Jerry Welsh defines ambush marketing as “competitive assaults on ill-conceived and poorly implemented sponsorships” (Welsh n.d.). Here the element of sponsoring appears again. In relation to this definition, ambush marketing is the exploitation of promotion possibilities at events that an official sponsor does not use. Here it becomes clear that ambush marketing is not parasitic, as it is simply the result of competition. For example, there is the case of Adidas vs. Nike at the Olympic games 2008 in Beijing. Adidas made an investment of millions to become an Olympic partner. The sponsorship and trademark regulations were supposed to protect sponsors from ambush marketing. Unfortunately for Adidas, single people cannot be forced to agree to a contract with companies sponsoring the event. Nike secured sponsorships of some of the most visible athletes. That way Nike is not directly associated with the Olympic event but with its participants (Adidas’ Challenge: Sprinting Ahead in China 2008). This example shows that in ambush marketing it is about searching for idle marketing opportunities to have lower expenses than the event’s official sponsor. Combined this logical new definition results:

Ambush marketing is an unconventional managerial process that exploits the competitor’s negligence and capturing surprisingly marketing opportunities in an unconventional way to obtain brand awareness as a basis for profit in the early stages of the company.

Not only does this relate to sponsorship, but every promotional action of a competitor can be challenged.
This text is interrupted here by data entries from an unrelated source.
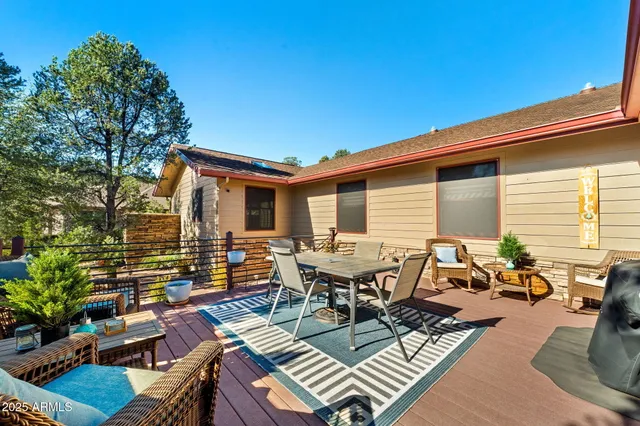 a view of a patio with couches and table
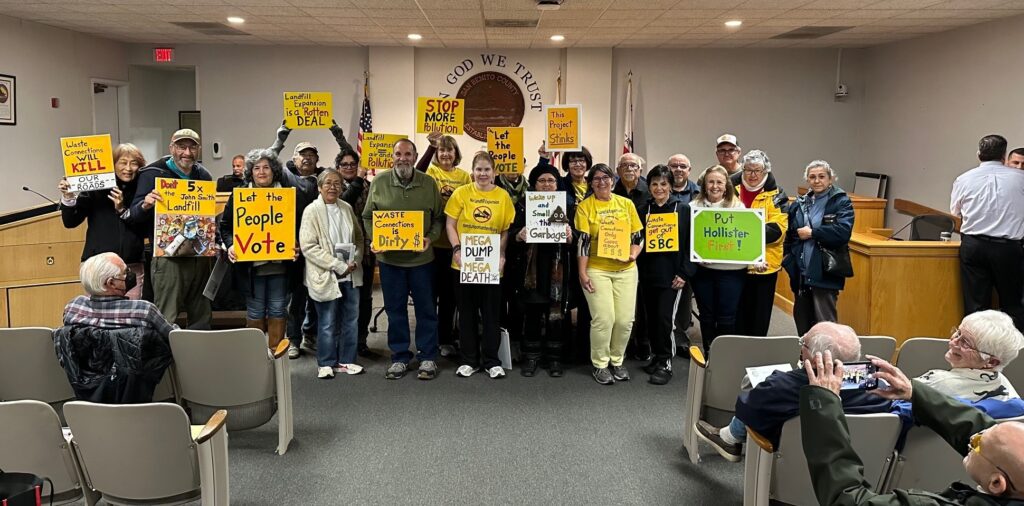 a group of people in the city council hall hold various signs protesting the landfill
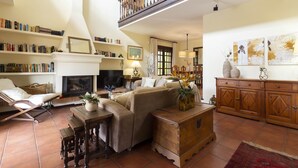 A spacious living room with a fireplace, bookshelves, a sofa, and a wooden cabinet.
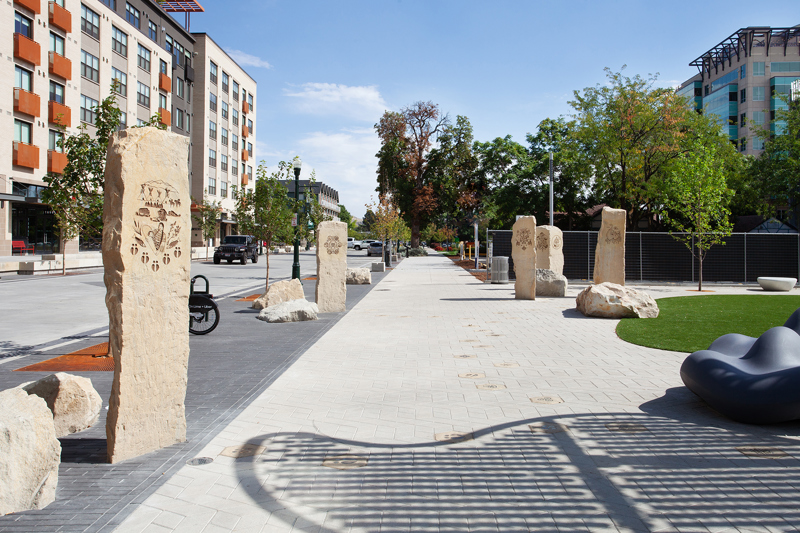 An image of five rough sandstone pillars with etchings representing different immigrant cultures. 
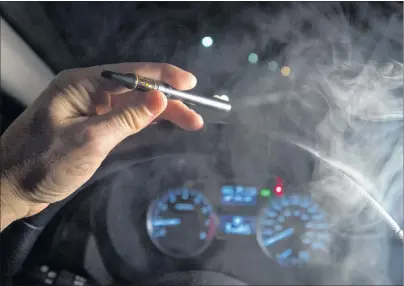  ?? CP PHOTO ?? In this photo illustrati­on, smoke from a cannabis oil vaporizer is seen as the driver is behind the wheel of a car in North Vancouver, B.C.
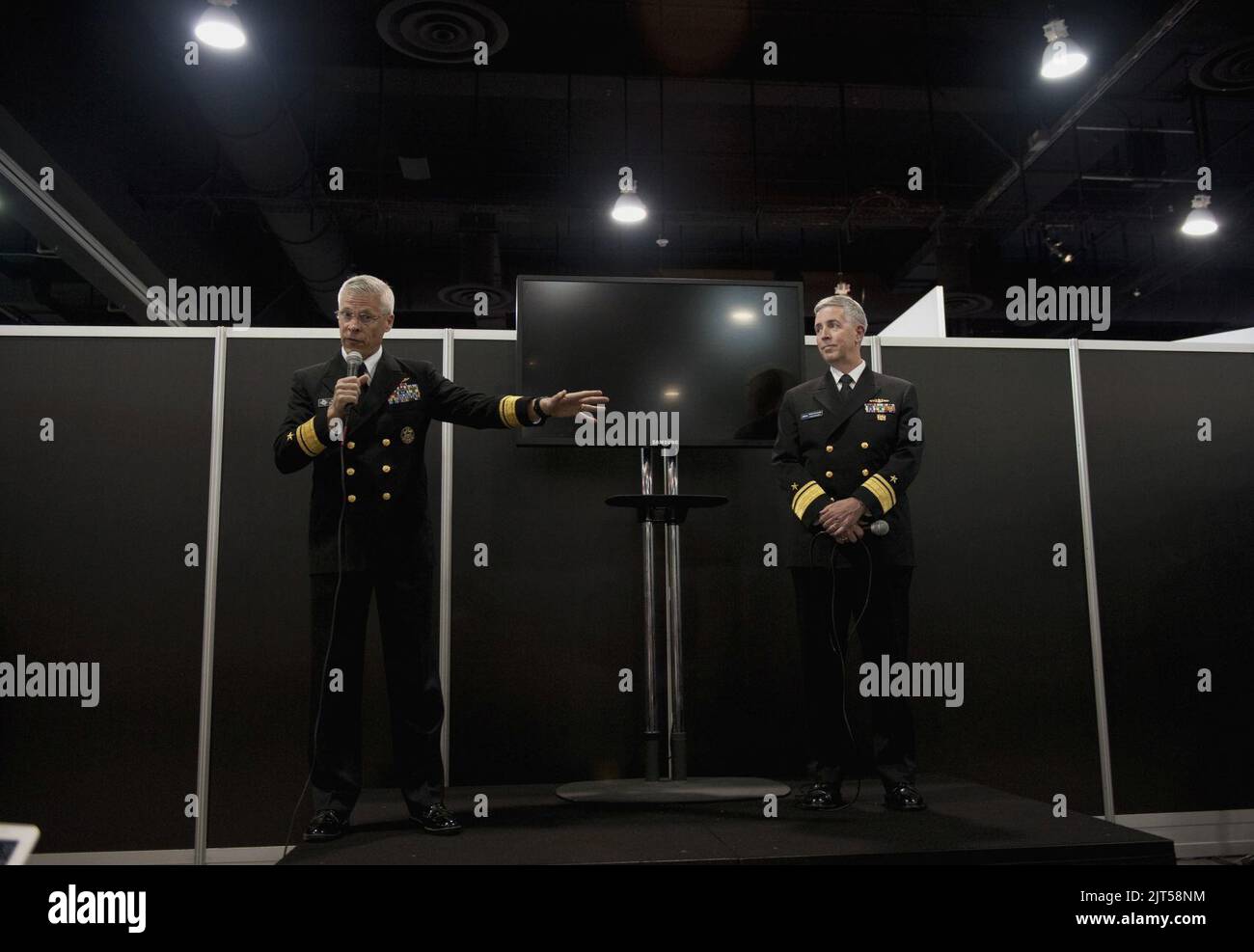 U.S. Navy Rear Adm. Matthew Klunder, left, the chief of naval research, and Rear Adm. Thomas Eccles, the chief engineer and deputy commander for naval systems engineering, Naval Sea Systems Command, answer 130408 Stock Photo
Further, while ambush marketing is associated with firms in the introduction of the product life cycle, this is not a true reflection of its use. I.e. it is also used by multi-national companies to achieve shock value. Only because a tactic like ambush marketing is the optimal tool for the early stages of companies does not mean it is not suitable for multi-national corporations as well.

To explain the legitimacy of ambush marketing Jerry Welsh gave the following example: “When you own and license Kermit you have only given the rights you own to one specific frog – not to all frogs, and maybe not even to all green ones“ (Welsh 2007, p.2).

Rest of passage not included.